On the plus side of the ledger, Dewey lists about $13m in cash, outstanding accounts receivables totaling $255m, “work in progress” and artwork whose value is unspecified.

Other assets listed include “potential estate claims and causes of action against partners and other third parties”.

An attached list of the firm’s 20 largest unsecured creditors is led by the Pension Benefit Guaranty Corporation, which has sued Dewey for $80m to cover the obligations of its underfunded pension plans. Other unsecured creditors include the landlord of Dewey’s 1301 Avenue of the Americas headquarters office, Thomson Reuters and Bank of America.

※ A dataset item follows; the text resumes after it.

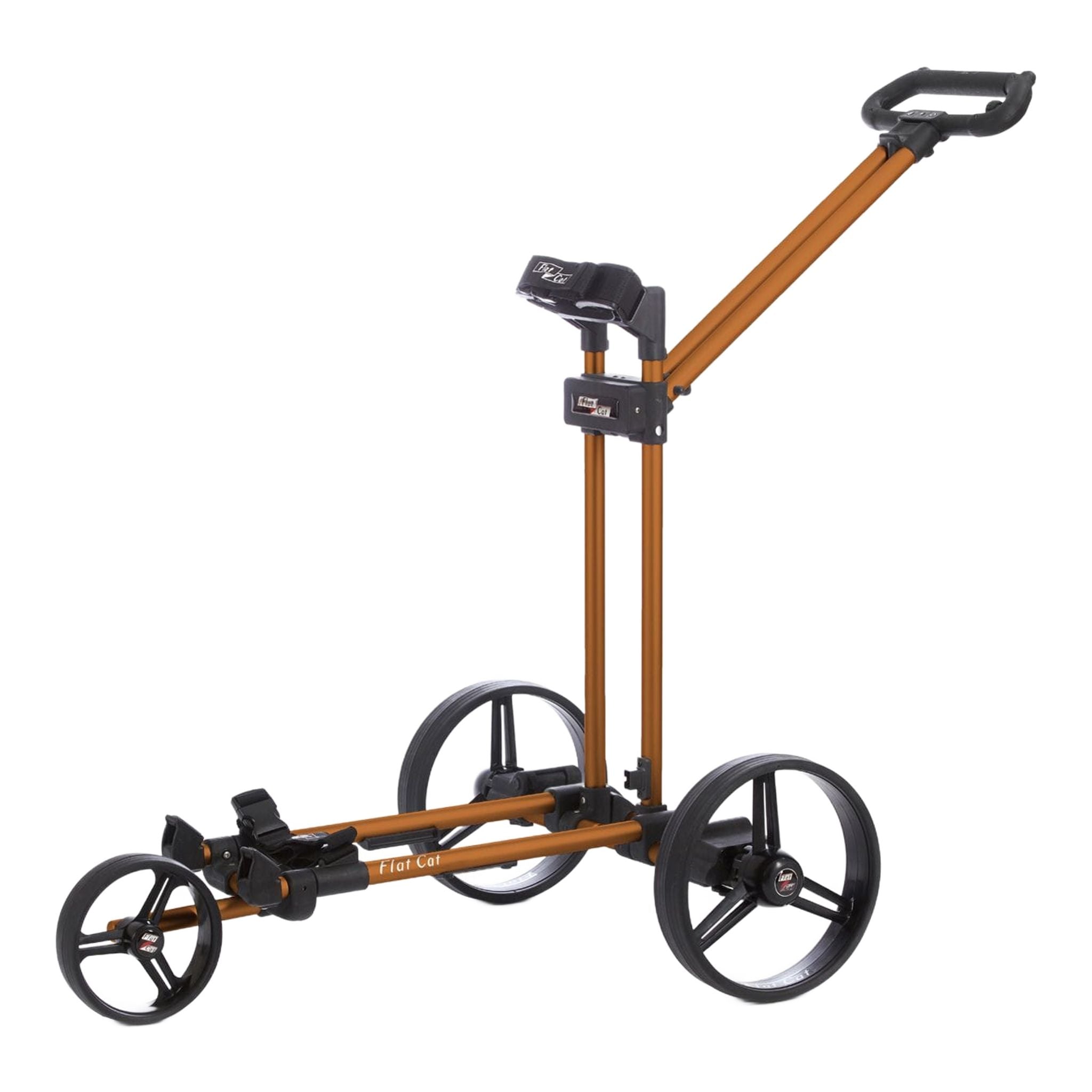 Flat Cat Push 3-Rad-Trolley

The Chapter 11 petition says Dewey expects to pay off its unsecured creditors, a group that includes banks, vendors and other law firms. In a press release, the firm said the filing was made “to preserve assets and wind down its business in the most orderly and efficient way possible”.

The release notes that 90 employees will stay on to help with that process and states much of that activity is expected to be finished within “the next few months”. The firm petitioned the bankruptcy court to allow those overseeing the effort to use available cash to keep paying salaries and benefits for those employees. Dewey general counsel, Janis Meyer, the firm’s recently appointed executive partner, Stephen Horvath, and its director of finance, Francis Canellas are among those still at the firm who will help guide it through the bankruptcy process.

The documents filed on Monday also detail Dewey’s negotiations with its creditors in recent months and steps it took to minimise the damage once it knew shutting down was a foregone conclusion. Those steps included selling the firm’s ownership interest in its Warsaw office to Greenberg Traurig for $6m and fetching more than $4m for its stake in its Russia and Kazakhstan offices from Morgan Lewis & Bockius.

The Dewey press release says that client work continues to be met “mainly by former Dewey & LeBoeuf law partners who have moved on to other firms in recent months.”